═════ DATA EXTRACTS ═════

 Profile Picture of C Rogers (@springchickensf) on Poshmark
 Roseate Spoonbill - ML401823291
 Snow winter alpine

═════
═════ DATA EXTRACTS ═════

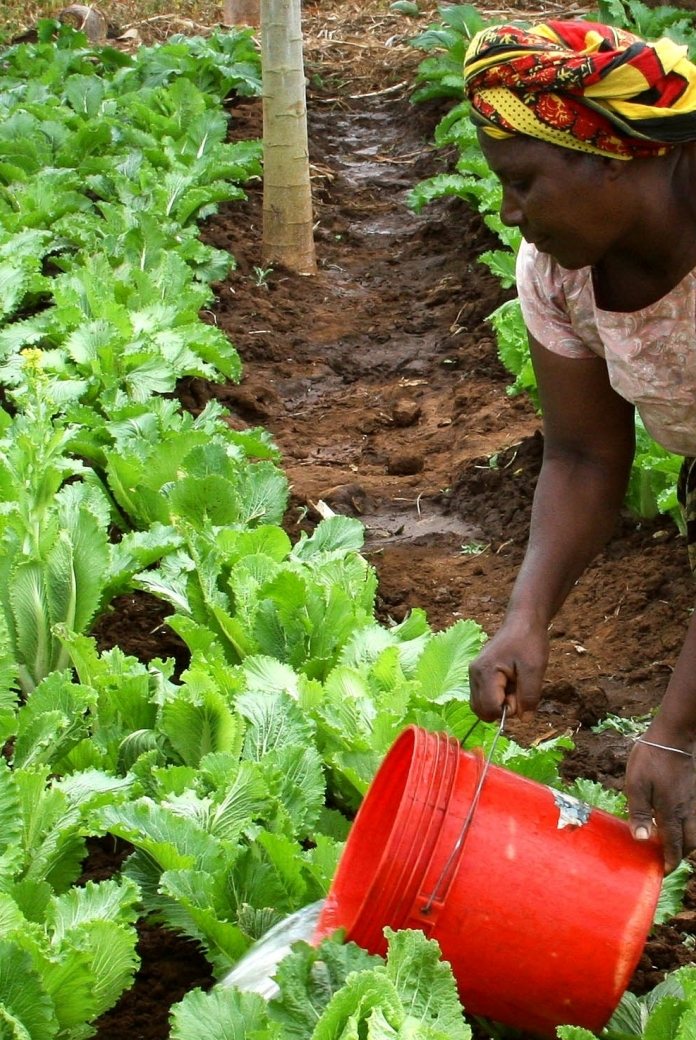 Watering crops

═════

▶ _TASK PROMPT_
Once the line with "Profile Picture of" is found in the records above, print exactly that line and every line after it through the line with "Snow winter alpine".

▶ _SOLUTION TO THIS TASK_
 Profile Picture of C Rogers (@springchickensf) on Poshmark
 Roseate Spoonbill - ML401823291
 Snow winter alpine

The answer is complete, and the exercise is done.